* THE TASK *
Look for the line containing "Image of pieces" in the entries below, then print that line and all that follow it exactly.

* LISTED RECORDS *
——————
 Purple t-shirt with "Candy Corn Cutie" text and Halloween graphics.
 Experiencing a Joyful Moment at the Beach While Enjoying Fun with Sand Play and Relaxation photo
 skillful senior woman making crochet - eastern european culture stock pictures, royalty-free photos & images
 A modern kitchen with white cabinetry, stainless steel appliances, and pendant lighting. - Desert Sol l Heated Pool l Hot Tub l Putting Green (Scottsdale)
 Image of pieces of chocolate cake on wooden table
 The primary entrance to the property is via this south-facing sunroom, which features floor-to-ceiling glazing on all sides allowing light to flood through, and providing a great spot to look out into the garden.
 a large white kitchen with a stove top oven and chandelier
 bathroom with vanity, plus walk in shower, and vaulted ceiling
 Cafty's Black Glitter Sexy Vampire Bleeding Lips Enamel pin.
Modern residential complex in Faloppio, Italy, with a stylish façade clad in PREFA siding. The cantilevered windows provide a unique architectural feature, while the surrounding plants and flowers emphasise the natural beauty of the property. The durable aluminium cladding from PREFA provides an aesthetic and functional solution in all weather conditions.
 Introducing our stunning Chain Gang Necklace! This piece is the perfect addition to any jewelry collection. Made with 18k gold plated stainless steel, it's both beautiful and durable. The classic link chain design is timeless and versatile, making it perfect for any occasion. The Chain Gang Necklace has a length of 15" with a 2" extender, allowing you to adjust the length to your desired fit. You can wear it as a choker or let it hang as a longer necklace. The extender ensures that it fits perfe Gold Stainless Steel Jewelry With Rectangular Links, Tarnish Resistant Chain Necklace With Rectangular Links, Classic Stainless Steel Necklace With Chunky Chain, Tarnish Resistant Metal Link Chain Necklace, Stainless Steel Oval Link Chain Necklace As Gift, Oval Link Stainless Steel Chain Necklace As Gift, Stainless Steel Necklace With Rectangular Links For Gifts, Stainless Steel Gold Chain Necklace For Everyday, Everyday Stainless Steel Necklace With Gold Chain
——————
* RESULT FOR THIS TASK *
 Image of pieces of chocolate cake on wooden table
 The primary entrance to the property is via this south-facing sunroom, which features floor-to-ceiling glazing on all sides allowing light to flood through, and providing a great spot to look out into the garden.
 a large white kitchen with a stove top oven and chandelier
 bathroom with vanity, plus walk in shower, and vaulted ceiling
 Cafty's Black Glitter Sexy Vampire Bleeding Lips Enamel pin.
Modern residential complex in Faloppio, Italy, with a stylish façade clad in PREFA siding. The cantilevered windows provide a unique architectural feature, while the surrounding plants and flowers emphasise the natural beauty of the property. The durable aluminium cladding from PREFA provides an aesthetic and functional solution in all weather conditions.
 Introducing our stunning Chain Gang Necklace! This piece is the perfect addition to any jewelry collection. Made with 18k gold plated stainless steel, it's both beautiful and durable. The classic link chain design is timeless and versatile, making it perfect for any occasion. The Chain Gang Necklace has a length of 15" with a 2" extender, allowing you to adjust the length to your desired fit. You can wear it as a choker or let it hang as a longer necklace. The extender ensures that it fits perfe Gold Stainless Steel Jewelry With Rectangular Links, Tarnish Resistant Chain Necklace With Rectangular Links, Classic Stainless Steel Necklace With Chunky Chain, Tarnish Resistant Metal Link Chain Necklace, Stainless Steel Oval Link Chain Necklace As Gift, Oval Link Stainless Steel Chain Necklace As Gift, Stainless Steel Necklace With Rectangular Links For Gifts, Stainless Steel Gold Chain Necklace For Everyday, Everyday Stainless Steel Necklace With Gold Chain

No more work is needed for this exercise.